In a twist that feels all too familiar to those watching the construction industry, Shimizu Corporation, one of Japan’s leading construction giants, is facing an unprecedented crisis. Recently, the company announced a significant downward revision of its earnings forecast for the fiscal year ending March 2024, predicting an operating loss of 33 billion yen—a first since its listing. Although the final net profit will be salvaged through the disposal of cross-held shares, the operating loss marks a significant blow, primarily attributed to cost overruns in large-scale projects due to surging material and labor costs, with the construction division’s gross profit margin for completed projects plummeting to an astonishing negative 3.3%. In response, Shimizu has decided to cut executive compensation by up to 30%.
However, Shimizu’s struggles extend beyond its financial performance. Last spring, a curious incident involving the founding family raised eyebrows. In June, during the preparation for the annual shareholders’ meeting, a surprising change was noted: Motoaki Shimizu, a family scion presumed to be reappointed as a director, was unexpectedly replaced by his younger brother, Noriaki Shimizu.
The company had announced its executive appointments on March 8, including Motoaki’s name in the post-meeting executive structure. Yet, a subsequent announcement on May 30, modifying part of that structure, did not mention Motoaki. By the time the meeting invitations were sent out around June 1, Noriaki’s name had appeared instead. Meanwhile, changes were also afoot at Shimizu Land, the asset management firm of the founding family and the second-largest shareholder of Shimizu Corporation, where Motoaki resigned as president on April 20, succeeded by Noriaki on June 21, indicating a less than smooth transition.
Shimizu Corporation, established in 1804 by the first-generation Kihachiro Shimizu, has a storied legacy of leadership within the Shimizu family, a tradition that ended in 1966 with the retirement of the sixth-generation leader, Yasuo Shimizu. Since then, the company has been led by non-family presidents, with Yasuo’s son, Mitsuaki, rising to executive vice president but never reaching the presidency, leading to speculation of internal conflicts.

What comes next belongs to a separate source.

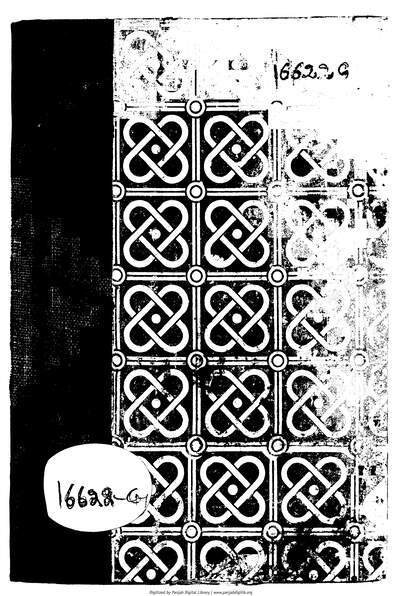 Guriyai Da Sidant Da Silsala — cover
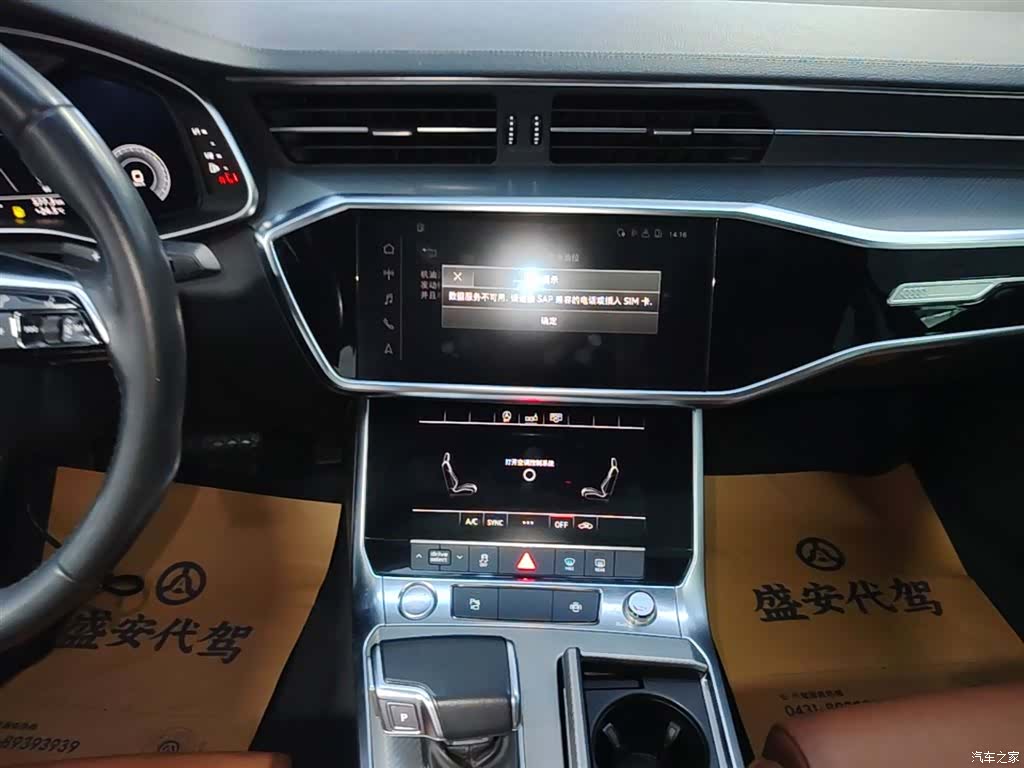 Audi A6L, 2019 9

Motoaki Shimizu assumed a largely ceremonial role within the company in 2017, serving as a non-executive director and chair of the Nomination and Remuneration Committee. His unexpected exit from the board, without any prior indication, adds a layer of mystery to the unfolding drama.

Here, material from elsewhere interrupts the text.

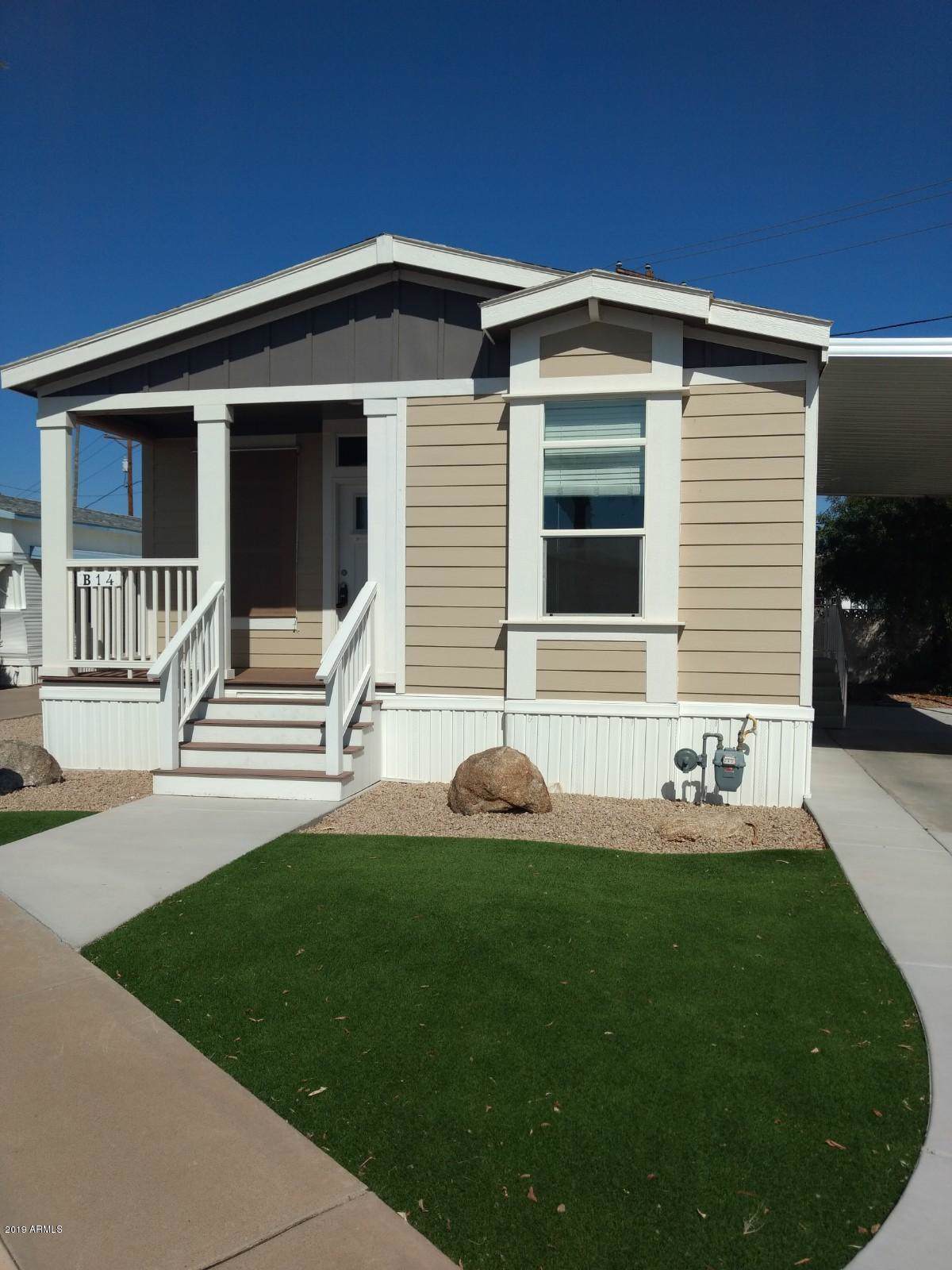 2460 Main Street - Photo 1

Despite being direct descendants of the founder, the Shimizu family’s stake in the company is minimal. The shares are dispersed among various family members and entities, making it difficult to discern who holds the reins. Yet, Shimizu Land has been increasing its stake in Shimizu Corporation, recently reaching 10.4%. Concerns have been raised about the approval rates for the appointments of Chairman Yoichi Miyamoto and President Kazuyuki Inoue, which have been unusually low, sparking speculation about the source of opposition or abstention votes and whether these events are interconnected.

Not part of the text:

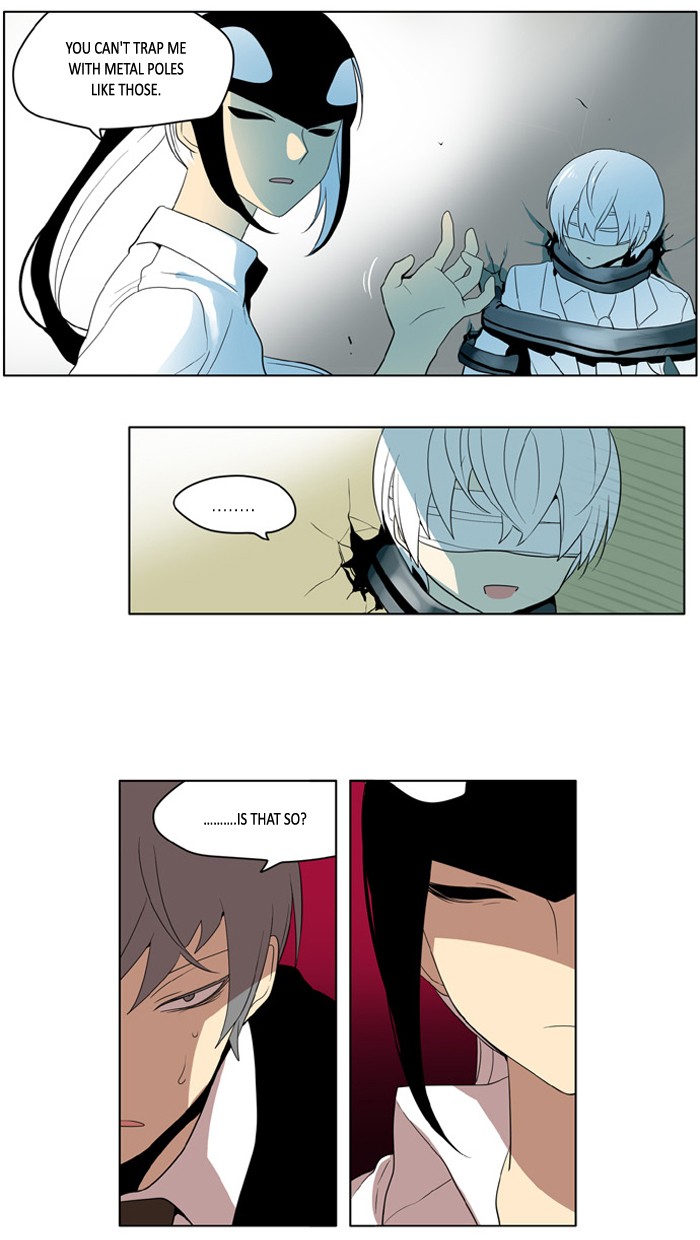 I Don't Want This Kind of Hero Chapter 194 page 15 - Chapter 194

This situation at Shimizu Corporation highlights not just financial challenges but also intricate family dynamics and power struggles within one of Japan’s most venerable construction firms. The unfolding events could have profound implications for the company’s future direction and governance, raising questions about the balance between tradition and modern corporate management in Japan’s storied business families.